Martine BERLAN-DARQUÉ[1], Bernard KALAORA[2]

   Une thématique aussi vaste et englobante que Environnement et Méditerranée nécessite la plus grande réserve dans la manière de l’aborder. La Méditerranée présente une trop grande diversité de situations et de milieux pour que l’on puisse parler d’un environnement méditerranéen, la notion est trop floue pour y mettre un contenu signifiant. Et pas plus qu’on ne peut utiliser le terme environnement méditerranéen, on peut davantage concevoir l’idée d’une culture méditerranéenne.
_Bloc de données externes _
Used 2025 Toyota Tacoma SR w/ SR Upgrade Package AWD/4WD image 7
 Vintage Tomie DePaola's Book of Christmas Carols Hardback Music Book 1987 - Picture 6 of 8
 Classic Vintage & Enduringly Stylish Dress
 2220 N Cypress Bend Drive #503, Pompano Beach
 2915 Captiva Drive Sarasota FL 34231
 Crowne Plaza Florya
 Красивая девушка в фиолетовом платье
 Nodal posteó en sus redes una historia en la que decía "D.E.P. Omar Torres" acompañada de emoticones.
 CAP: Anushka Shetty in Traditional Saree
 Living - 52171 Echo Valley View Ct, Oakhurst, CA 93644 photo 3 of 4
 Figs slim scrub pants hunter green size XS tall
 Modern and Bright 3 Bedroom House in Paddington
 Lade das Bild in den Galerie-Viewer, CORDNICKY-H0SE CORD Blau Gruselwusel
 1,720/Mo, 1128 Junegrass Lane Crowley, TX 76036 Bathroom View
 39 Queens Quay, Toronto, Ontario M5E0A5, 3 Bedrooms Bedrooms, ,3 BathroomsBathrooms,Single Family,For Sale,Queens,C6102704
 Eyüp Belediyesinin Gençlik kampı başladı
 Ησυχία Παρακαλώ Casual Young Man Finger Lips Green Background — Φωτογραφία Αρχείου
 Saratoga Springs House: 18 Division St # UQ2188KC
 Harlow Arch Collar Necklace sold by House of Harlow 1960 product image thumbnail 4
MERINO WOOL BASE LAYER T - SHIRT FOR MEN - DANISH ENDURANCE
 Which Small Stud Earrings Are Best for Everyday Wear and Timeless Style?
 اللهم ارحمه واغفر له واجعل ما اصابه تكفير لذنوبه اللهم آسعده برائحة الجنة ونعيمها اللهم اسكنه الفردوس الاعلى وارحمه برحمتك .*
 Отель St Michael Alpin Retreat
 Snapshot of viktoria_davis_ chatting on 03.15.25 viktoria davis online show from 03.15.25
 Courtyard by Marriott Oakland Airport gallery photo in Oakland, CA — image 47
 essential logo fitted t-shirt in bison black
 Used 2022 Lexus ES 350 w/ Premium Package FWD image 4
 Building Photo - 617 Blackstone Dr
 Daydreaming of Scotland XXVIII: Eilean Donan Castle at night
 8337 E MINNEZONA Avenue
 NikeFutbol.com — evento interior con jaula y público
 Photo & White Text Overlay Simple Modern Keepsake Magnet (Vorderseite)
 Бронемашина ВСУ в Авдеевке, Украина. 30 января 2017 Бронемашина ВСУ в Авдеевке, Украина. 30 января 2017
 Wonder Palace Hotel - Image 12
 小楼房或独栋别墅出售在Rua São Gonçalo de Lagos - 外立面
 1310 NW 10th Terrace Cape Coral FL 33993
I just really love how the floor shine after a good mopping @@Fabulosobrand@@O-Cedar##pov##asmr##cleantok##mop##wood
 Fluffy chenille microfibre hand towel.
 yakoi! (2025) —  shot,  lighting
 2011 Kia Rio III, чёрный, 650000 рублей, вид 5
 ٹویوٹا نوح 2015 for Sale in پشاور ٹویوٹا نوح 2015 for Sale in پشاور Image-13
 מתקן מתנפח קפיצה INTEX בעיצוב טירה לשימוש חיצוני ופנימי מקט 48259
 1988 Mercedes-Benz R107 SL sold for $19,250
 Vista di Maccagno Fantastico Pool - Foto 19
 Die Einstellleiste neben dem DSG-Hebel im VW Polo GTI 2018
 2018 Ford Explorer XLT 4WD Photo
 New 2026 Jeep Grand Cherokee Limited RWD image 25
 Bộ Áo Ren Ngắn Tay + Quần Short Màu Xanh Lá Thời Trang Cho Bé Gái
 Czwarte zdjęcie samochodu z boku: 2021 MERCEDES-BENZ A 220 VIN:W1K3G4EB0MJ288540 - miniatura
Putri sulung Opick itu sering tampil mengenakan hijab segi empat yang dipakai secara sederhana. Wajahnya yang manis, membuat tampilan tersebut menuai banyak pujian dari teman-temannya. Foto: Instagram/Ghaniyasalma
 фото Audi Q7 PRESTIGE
L’espace géographique méditerranéen est lui-même travaillé par les oppositions Nord-Sud, diverses influences religieuses et socio-politiques y coexistent et ce territoire est constitué de nombreuses aires culturelles.

   La posture théorique idéale aurait été, avant même de poser le problème Environnement et Méditerranée et de rassembler des textes se référant à cette question, de mieux problématiser l’objet en identifiant les différentes aires socio-culturelles qu’il recouvre. Pour éviter le bilan classique en forme de catalogue et de description des causes liées aux problèmes d’environnement et de leurs conséquences sur l’espace méditerranéen, n’aurait-il pas fallu d’abord faire un inventaire typologique de ces différentes aires et influences culturelles ? Celles-ci peuvent aussi se construire indépendamment d’un substrat territorial. Comme le terme d’aire culturelle le souligne, il peut s’agir de constructions spatiales dont les principes d’organisation sont d’ordre religieux et mental et non physique. Aborder le problème de l’environnement dans la Méditerranée sous son aspect purement physique et sous celui de l’impact des causes l’affectant, présente un caractère très réducteur car la dimension culturelle des espaces méditerranéens est d’une telle complexité qu’elle ne peut se saisir d’une manière aussi mécanique. Si l’on veut cerner les conséquences liées aux transformations de l’environnement, il conviendrait d’identifier certes les différents milieux physiques mais aussi de les appréhender de manière interactive avec les différentes aires culturelles qu’ils recoupent pour cerner les facteurs complexes d’évolution et de modification de ces territoires. Cette démarche est malheureusement absente de cette livraison. Ce manque quant à la construction de l’objet n’est certes pas uniquement imputable aux auteurs, il est lié à la nouveauté du sujet car si l’espace méditerranéen a été fortement investi par les chercheurs, et notamment les historiens et les géographes, les problèmes de la relation entre Environnement et Méditerranée n’ont jamais été pensés.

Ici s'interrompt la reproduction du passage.